I, Adonai your God, (am the one) who brought you out of the land of Egypt, from a slave house.
In performing this text study, we are looking forward to Shavout and the adoption of new bylaws for TBS. But, for a moment, allow me to look back to Pesach and ask how is this Commandment different from the other commandments. Are we being told by God to do something or refrain from doing something? Or, are we being told to believe? Is it possible for God to command belief?
Commentators differ, and we could discuss this point for hours, not the couple of minutes I have now. But, as we are reminded at Pesach, we were each individually and together as a community brought by God out of Egypt, out of a slave house. Consider the drama of the situation of the people actually there at the time. Having been slaves and having seen the plagues, hastily prepared to leave Egypt, crossing the sea into the desert, and watching Moses bring the tablets from Sinai, this commandment served to inform them, and continues to remind each of us and our community as a whole, who is responsible for freedom and who therefore has the authority to give the law.

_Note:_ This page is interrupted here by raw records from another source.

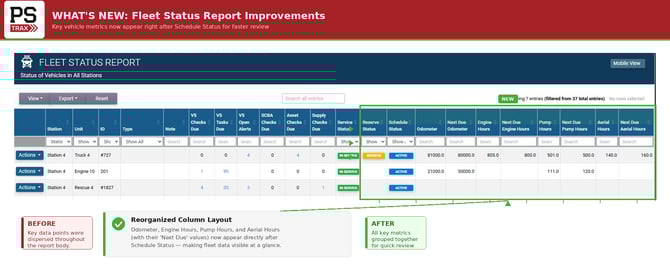 fleet_status_report_annotated (1)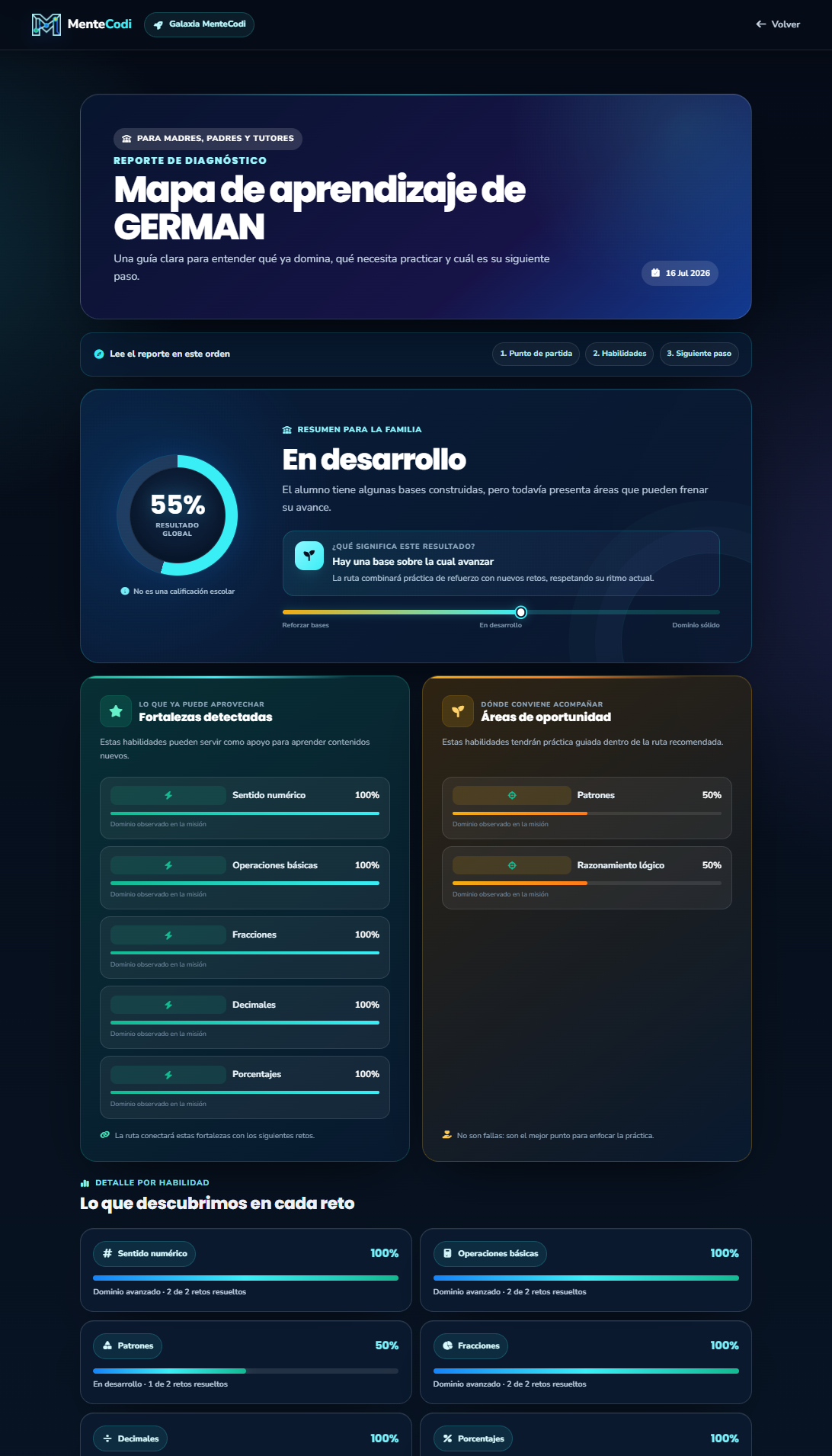 Ejemplo del reporte de diagnóstico de MenteCodi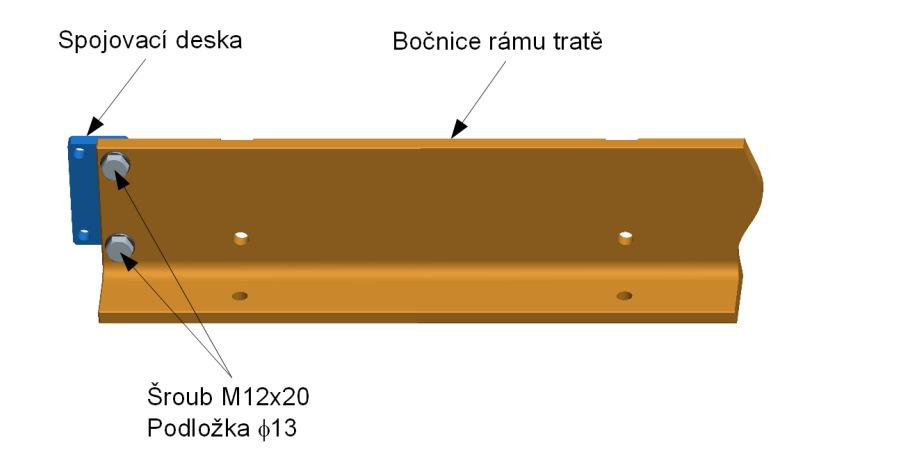 Stejná výška a rovnoběžnost os válečků jsou důležitou podmínkou pro správnou funkci a životnost válečkové tratě.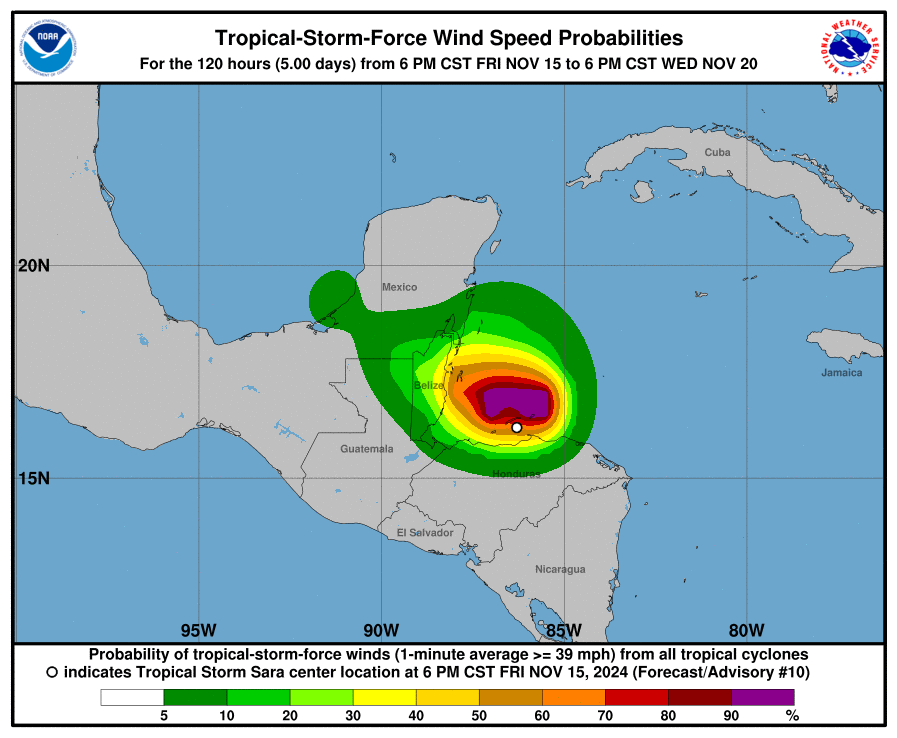 tempesta sara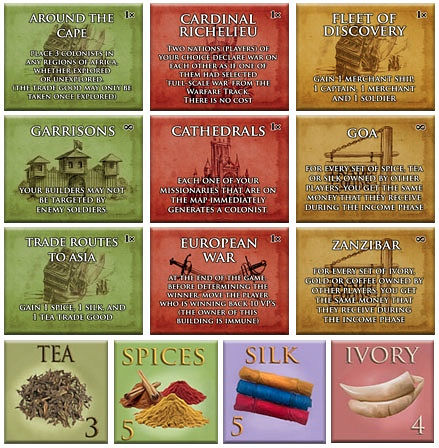 Empires: Age of Discovery – World Variant Components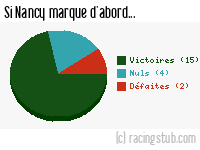 Si Nancy marque d'abord - 2015/2016 - Ligue 2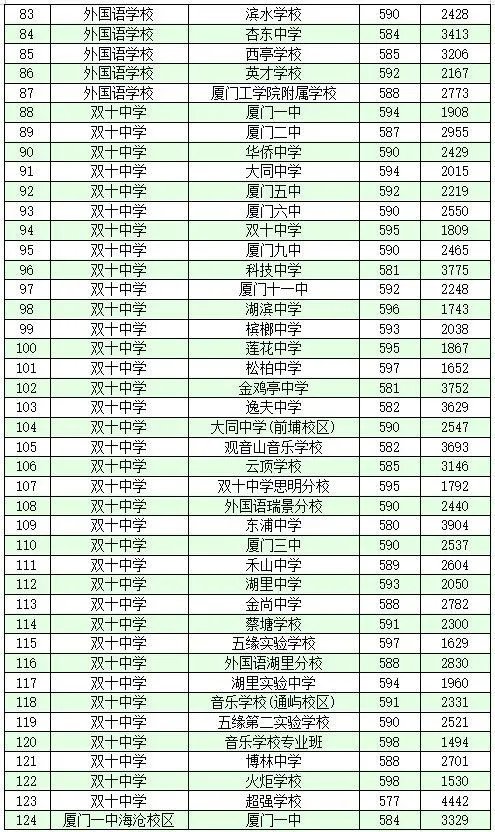 2021厦门中考录取分数线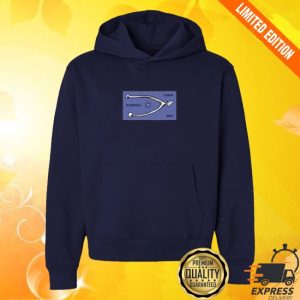 kenny Conan Gray Wishbone Navy Hoodiess Conan Gray Merch Store kenny Conan Gray Wishbone Navy Hoodiess Conan Gray Merch Store
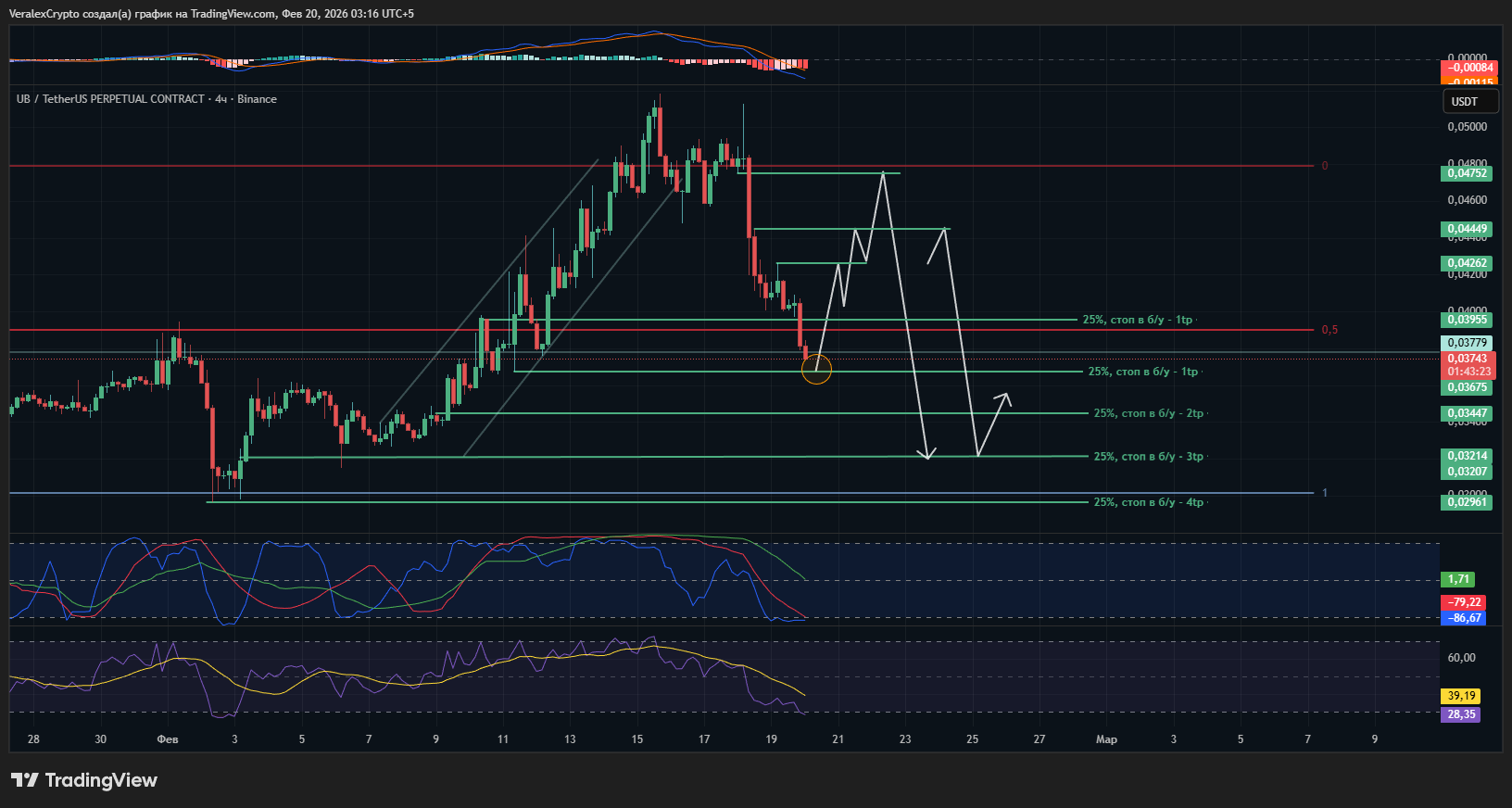 BINANCE:UBUSDT.P Chart Image by VeralexCrypto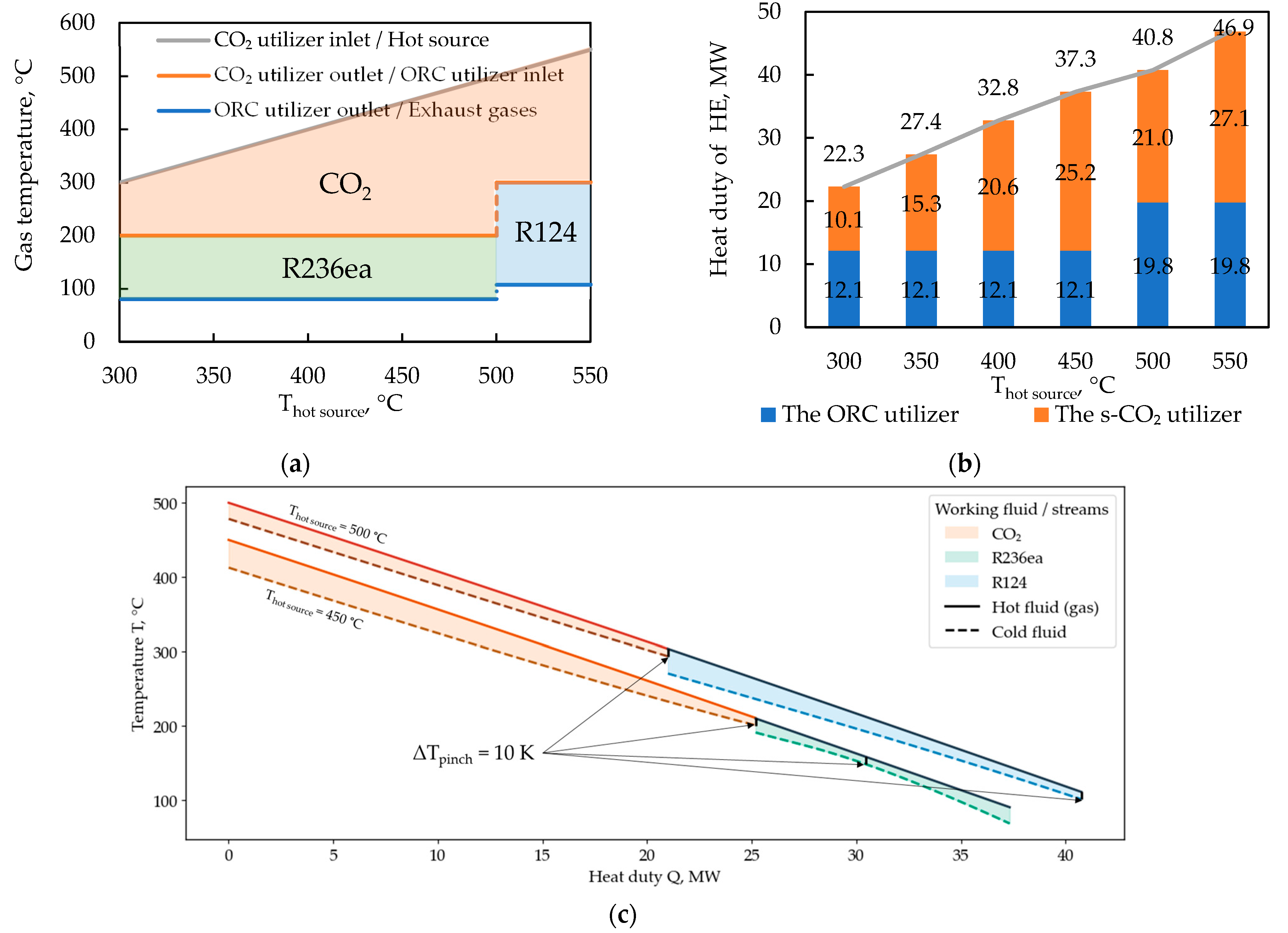 Design of Heat Exchangers with Low-Boiling Working Fluids: Algorithm ...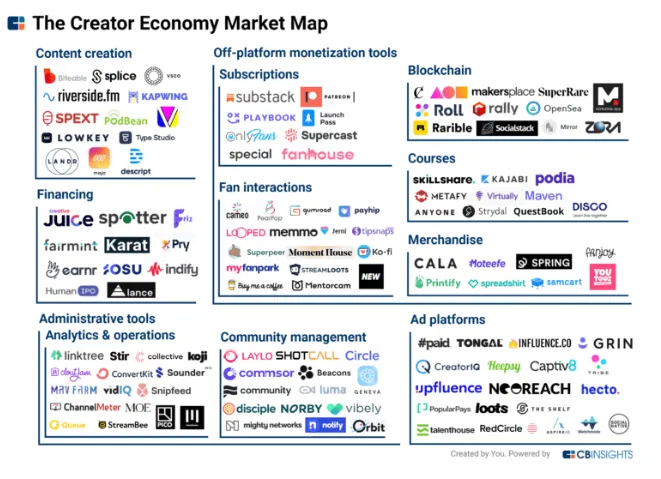 creator economy market map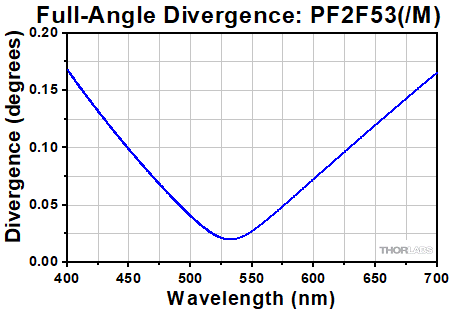 PF2F53 Collimator Divergence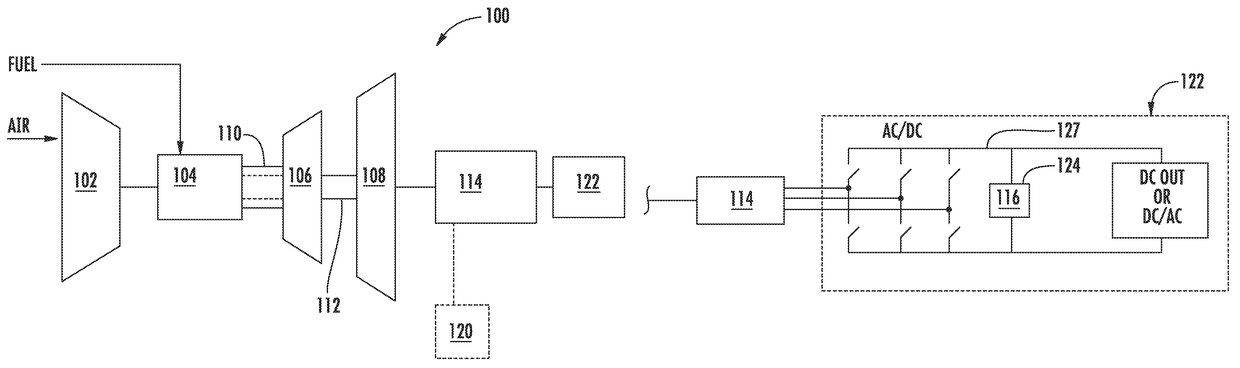 Torsional damping for gas turbine engines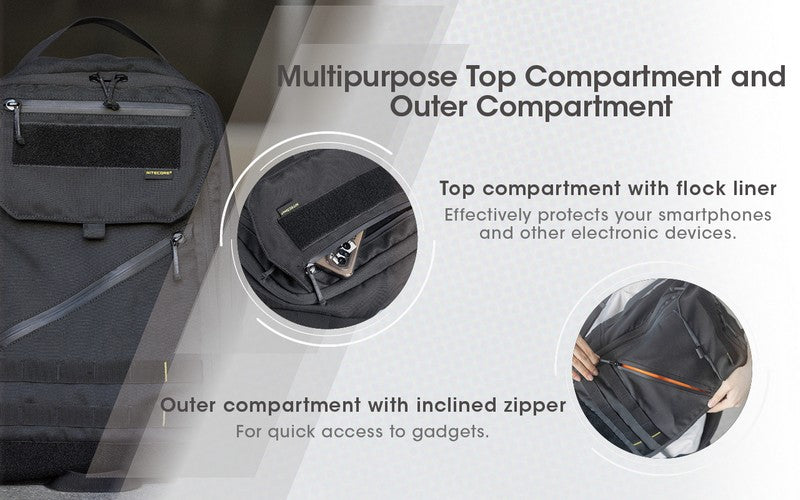 Sac à dos Imperméable Nitecore BP23 – 23L – Polyester 600D  NYCTALOPE  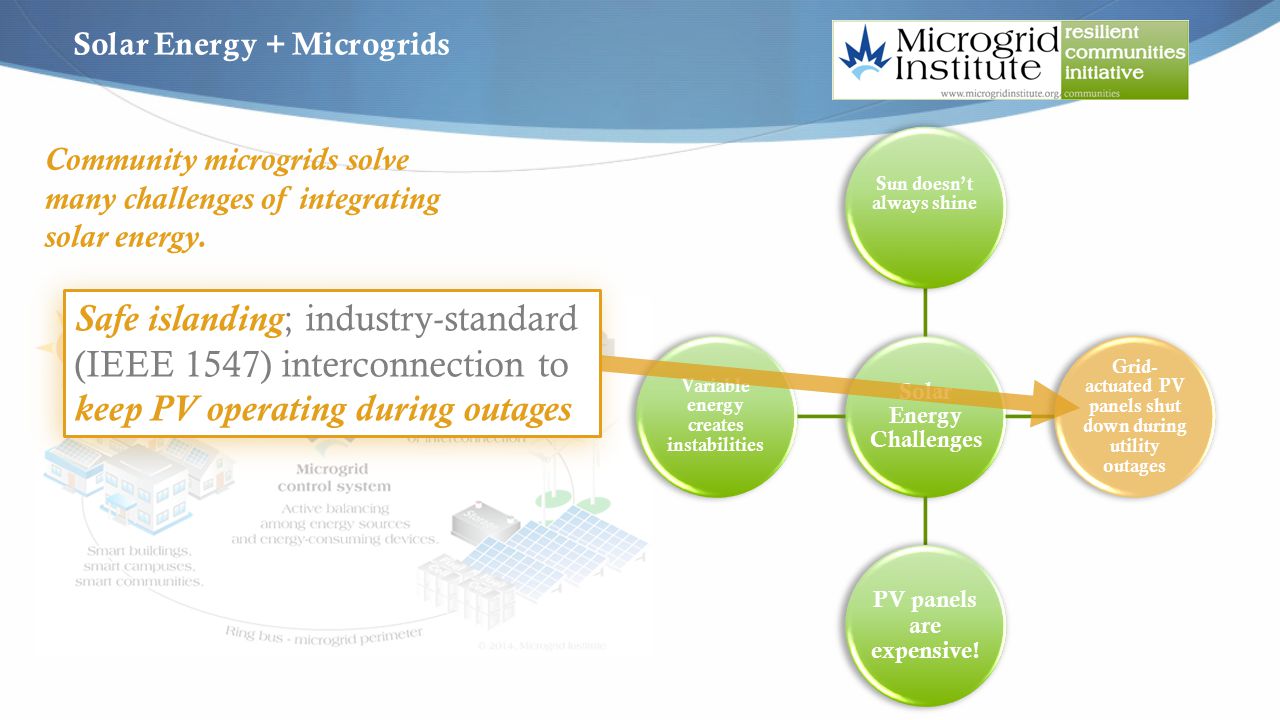 Community microgrids solve many challenges of integrating solar energy.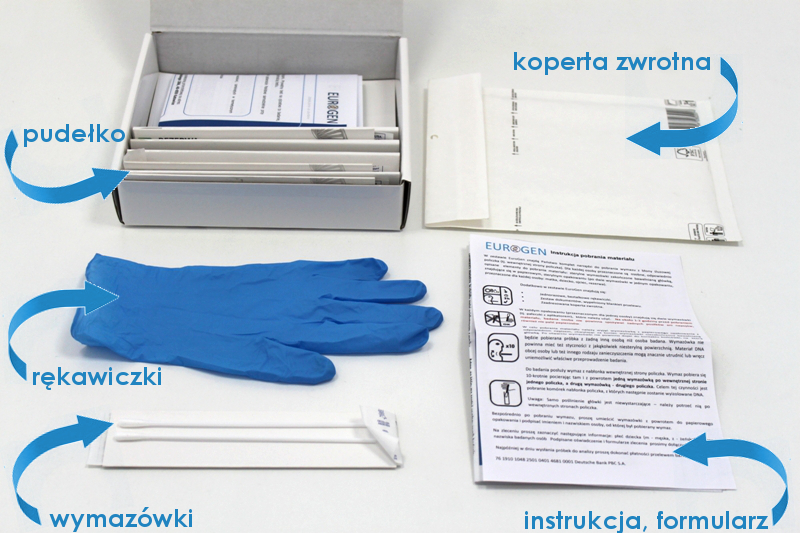 zestaw_strzałki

When I was in college, I spent a semester abroad in Israel. Like so many, being in Israel was a deeply meaningful experience and I felt more connected to the Jewish people. During that semester I did a week-long side trip to Egypt. My feeling of connection to our people was even greater when I returned to Israel. When I returned, I felt at home, maybe more a part of our people than ever before or since in my life.
We here continue to be part of this community, and here at TBS we are a community within a larger Jewish Community. In accepting the nomination to serve on the Board of Trustees, I hope to continue to work to build community within the TBS community/communities.